» **Short text fragments from websites**
_ _ _ _
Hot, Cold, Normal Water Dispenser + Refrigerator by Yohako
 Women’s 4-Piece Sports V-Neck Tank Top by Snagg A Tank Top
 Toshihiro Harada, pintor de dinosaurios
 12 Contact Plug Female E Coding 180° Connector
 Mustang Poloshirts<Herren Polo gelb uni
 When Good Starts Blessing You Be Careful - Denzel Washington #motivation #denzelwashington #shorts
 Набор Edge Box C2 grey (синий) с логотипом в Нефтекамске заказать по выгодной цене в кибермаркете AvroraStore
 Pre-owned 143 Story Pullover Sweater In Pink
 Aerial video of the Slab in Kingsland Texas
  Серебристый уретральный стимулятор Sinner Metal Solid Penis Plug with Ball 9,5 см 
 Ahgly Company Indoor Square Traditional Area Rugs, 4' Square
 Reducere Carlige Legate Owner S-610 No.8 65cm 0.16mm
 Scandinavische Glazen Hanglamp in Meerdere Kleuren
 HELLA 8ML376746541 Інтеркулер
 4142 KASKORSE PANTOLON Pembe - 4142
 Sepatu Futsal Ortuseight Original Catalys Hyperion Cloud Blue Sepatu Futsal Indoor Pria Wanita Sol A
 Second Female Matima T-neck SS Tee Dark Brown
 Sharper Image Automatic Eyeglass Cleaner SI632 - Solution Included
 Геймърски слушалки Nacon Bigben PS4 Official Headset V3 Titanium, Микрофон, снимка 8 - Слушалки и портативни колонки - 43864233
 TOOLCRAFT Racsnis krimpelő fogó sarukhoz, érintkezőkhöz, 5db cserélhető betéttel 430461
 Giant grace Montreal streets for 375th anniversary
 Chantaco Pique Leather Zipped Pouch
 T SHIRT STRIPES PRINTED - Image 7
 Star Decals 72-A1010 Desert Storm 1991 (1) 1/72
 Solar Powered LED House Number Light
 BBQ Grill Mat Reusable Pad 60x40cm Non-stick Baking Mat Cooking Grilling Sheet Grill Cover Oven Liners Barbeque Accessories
_ _ _ _
» **Exercise instructions**
Would you set the entries down again, exactly as they were written?

» **Completed exercise**
Hot, Cold, Normal Water Dispenser + Refrigerator by Yohako
 Women’s 4-Piece Sports V-Neck Tank Top by Snagg A Tank Top
 Toshihiro Harada, pintor de dinosaurios
 12 Contact Plug Female E Coding 180° Connector
 Mustang Poloshirts<Herren Polo gelb uni
 When Good Starts Blessing You Be Careful - Denzel Washington #motivation #denzelwashington #shorts
 Набор Edge Box C2 grey (синий) с логотипом в Нефтекамске заказать по выгодной цене в кибермаркете AvroraStore
 Pre-owned 143 Story Pullover Sweater In Pink
 Aerial video of the Slab in Kingsland Texas
  Серебристый уретральный стимулятор Sinner Metal Solid Penis Plug with Ball 9,5 см 
 Ahgly Company Indoor Square Traditional Area Rugs, 4' Square
 Reducere Carlige Legate Owner S-610 No.8 65cm 0.16mm
 Scandinavische Glazen Hanglamp in Meerdere Kleuren
 HELLA 8ML376746541 Інтеркулер
 4142 KASKORSE PANTOLON Pembe - 4142
 Sepatu Futsal Ortuseight Original Catalys Hyperion Cloud Blue Sepatu Futsal Indoor Pria Wanita Sol A
 Second Female Matima T-neck SS Tee Dark Brown
 Sharper Image Automatic Eyeglass Cleaner SI632 - Solution Included
 Геймърски слушалки Nacon Bigben PS4 Official Headset V3 Titanium, Микрофон, снимка 8 - Слушалки и портативни колонки - 43864233
 TOOLCRAFT Racsnis krimpelő fogó sarukhoz, érintkezőkhöz, 5db cserélhető betéttel 430461
 Giant grace Montreal streets for 375th anniversary
 Chantaco Pique Leather Zipped Pouch
 T SHIRT STRIPES PRINTED - Image 7
 Star Decals 72-A1010 Desert Storm 1991 (1) 1/72
 Solar Powered LED House Number Light
 BBQ Grill Mat Reusable Pad 60x40cm Non-stick Baking Mat Cooking Grilling Sheet Grill Cover Oven Liners Barbeque Accessories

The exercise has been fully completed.